To help developers better understand the concepts of audio and video and quickly get started with the development of audio and video apps, ZEGOCLOUD and its audio and video development experts have designed this course “Advanced Audio and Video Development”.
This course consists of a series of lessons starting from explaining the basic concepts of audio and video to tackling problems related to audio and video app development and then using SDKs to develop audio and video apps.
Before we start the topic, let’s take a look at the basic processing flow of audio and video data in the RTC scenario. Combined with the actual use cases, the processing flow can be explained from the perspectives of two roles, the host and the participant.
Audio and video data flow process
Simply put, the host captures and sends audio and video data, and the participant receives and plays the data. The host and the participant are connected over a real-time network.
In addition, the audio and video data captured by the host may have issues such as noise, echo, and large data volume, making it unsuitable to directly transmit the data over the network. The data pulled by the participant from the host is encoded and compressed and cannot be directly played back.
To solve these problems, we introduced modules such as the pre/post-processing module and the encoding/decoding module to form a basic symmetric data flow process over the network, as shown in the following figure.
Note that the figure shows a simple one-way process from host to participant, which is called a single-host scenario. The process can also be two-way in scenarios such as co-hosting, where two users have an audio or video call by using an app such as WeChat. In this case, the two parties are both the host and participant and the data flow is two-way.
The audio and video data flow in the RTC scenario basically complies with the preceding process. In this lesson, we’ll focus on the Pre-processing module.
Three A’s in Audio Processing
There are many features for audio pre-processing. Some of them are designed to offer better sound quality. For example, acoustic echo cancellation and ambient noise suppression remove irrelevant signals from the raw sound signals to make the sound pure. Some are to make the sound more interesting, such as pitch shifting, virtual stereo, and reverberation. These features add special effects to the sound.
Among the pre-processing features that offer better sound quality, the following three A’s for audio processing are worth noting:
- Acoustic echo cancellation (AEC)
- Ambient noise suppression (ANS)
- Automatic gain control (AGC)
They are commonly used in audio processing and will be described one by one later.

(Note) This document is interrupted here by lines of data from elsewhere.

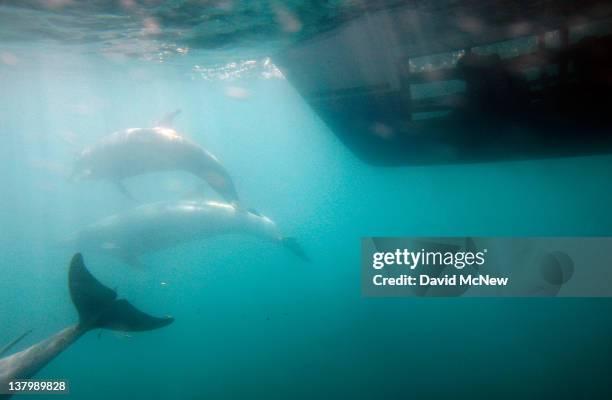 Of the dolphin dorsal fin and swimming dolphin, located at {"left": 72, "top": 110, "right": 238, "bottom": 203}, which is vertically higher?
the dolphin dorsal fin

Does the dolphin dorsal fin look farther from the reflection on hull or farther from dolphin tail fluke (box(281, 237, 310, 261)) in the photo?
dolphin tail fluke (box(281, 237, 310, 261))

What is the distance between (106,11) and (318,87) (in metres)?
5.80

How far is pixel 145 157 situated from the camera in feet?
39.0

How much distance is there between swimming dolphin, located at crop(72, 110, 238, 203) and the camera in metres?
11.5

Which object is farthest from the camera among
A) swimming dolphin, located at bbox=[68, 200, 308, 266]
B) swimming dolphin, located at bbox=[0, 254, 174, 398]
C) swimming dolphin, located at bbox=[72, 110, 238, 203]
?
swimming dolphin, located at bbox=[68, 200, 308, 266]

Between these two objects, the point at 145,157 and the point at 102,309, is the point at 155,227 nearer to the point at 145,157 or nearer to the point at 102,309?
the point at 145,157

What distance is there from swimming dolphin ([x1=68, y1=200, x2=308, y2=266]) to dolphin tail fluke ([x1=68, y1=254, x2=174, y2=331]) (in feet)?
18.9

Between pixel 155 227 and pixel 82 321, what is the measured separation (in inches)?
232

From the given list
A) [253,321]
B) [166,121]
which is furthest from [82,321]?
[253,321]

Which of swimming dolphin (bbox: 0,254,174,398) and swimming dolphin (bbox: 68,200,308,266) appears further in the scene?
swimming dolphin (bbox: 68,200,308,266)

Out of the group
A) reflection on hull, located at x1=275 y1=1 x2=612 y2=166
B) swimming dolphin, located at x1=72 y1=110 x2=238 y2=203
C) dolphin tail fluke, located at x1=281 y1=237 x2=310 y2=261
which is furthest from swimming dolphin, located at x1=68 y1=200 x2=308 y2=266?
reflection on hull, located at x1=275 y1=1 x2=612 y2=166

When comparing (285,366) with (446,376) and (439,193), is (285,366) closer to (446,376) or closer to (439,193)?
(446,376)

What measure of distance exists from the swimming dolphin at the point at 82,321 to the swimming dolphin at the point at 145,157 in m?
5.67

You can infer the functions of ANS and AGC from their names because noise and gain control are concepts that we are familiar with. However, AEC seems to be relatively mysterious and you may be unfamiliar with it. Just from the name, you can tell that it removes echo signals from sounds.

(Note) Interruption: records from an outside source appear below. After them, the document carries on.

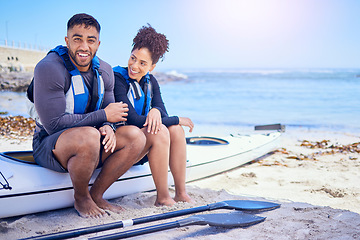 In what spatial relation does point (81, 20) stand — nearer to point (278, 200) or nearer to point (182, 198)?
point (182, 198)

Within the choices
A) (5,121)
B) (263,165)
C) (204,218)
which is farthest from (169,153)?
(5,121)

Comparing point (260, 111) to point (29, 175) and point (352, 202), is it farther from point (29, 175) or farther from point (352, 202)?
point (29, 175)

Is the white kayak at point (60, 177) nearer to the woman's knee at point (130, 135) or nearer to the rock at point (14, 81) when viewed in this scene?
the woman's knee at point (130, 135)

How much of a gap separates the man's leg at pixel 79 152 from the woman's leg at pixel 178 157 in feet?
2.13

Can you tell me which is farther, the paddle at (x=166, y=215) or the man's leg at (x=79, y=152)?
the man's leg at (x=79, y=152)

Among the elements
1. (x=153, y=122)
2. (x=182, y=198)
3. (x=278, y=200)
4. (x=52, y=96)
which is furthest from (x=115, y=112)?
(x=278, y=200)

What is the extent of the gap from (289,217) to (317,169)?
1747 mm

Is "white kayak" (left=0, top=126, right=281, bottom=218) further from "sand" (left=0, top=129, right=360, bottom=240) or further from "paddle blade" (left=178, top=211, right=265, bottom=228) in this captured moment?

What is an echo in the RTC scenario? Why do echoes exist in voice signals? Why do we need to remove them?
Causes of Echo
Echoes are everywhere in our daily lives. Imagine such a scene: If you shout “Hello” to the mountains, what would happen? You will first hear your own voice “Hello”, and soon the mountain’s “reply”, which is also “Hello”. Here, the “reply” from the mountains is a phenomenon called echo.
A simple explanation of echo in physics is as follows: After sounds are created by the vibration of the sound source, they spread around. Some sounds are directly transmitted to the human ears and are thus called direct sounds. Some are reflected by obstacles such as walls before they are transmitted to the human ears and are thus called reflected sounds.

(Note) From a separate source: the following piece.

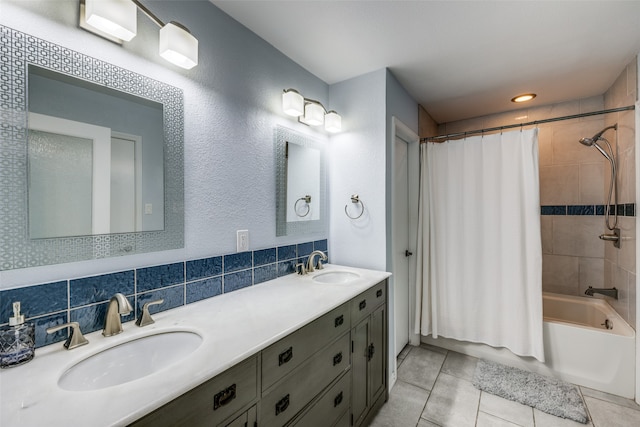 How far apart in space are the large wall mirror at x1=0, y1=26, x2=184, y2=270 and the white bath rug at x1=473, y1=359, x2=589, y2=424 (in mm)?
2399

If the interval between a direct sound and a reflected sound that you hear is more than 0.1s, you can distinguish them and the latter is the so-called echo. After learning about echo in life and physics, let’s take a look at echo in the RTC scenario that AEC has to deal with in audio pre-processing. Echo in the RTC scenario is more complicated. Take co-hosting as an example.
In the following figure, user A and user B are co-hosting, and they each have their respective microphones and speakers.
Technically, the voices of user A and user B are captured by their own microphones, transmitted to the other party through the network, and played out on the other party’s speaker. Everything seems fine. However, something unexpected may get involved during an actual interaction, as shown in the following figure.
1. At a moment, user A starts to speak and generates voice A, which is captured by microphone A, transmitted to user B through the network, and then becomes voice A1 which is to be played.
2. After voice A1 is played on speaker B, it is captured by microphone B as voice A2 (echo A2 in the figure) through direct transmission and reflection by the surrounding environment.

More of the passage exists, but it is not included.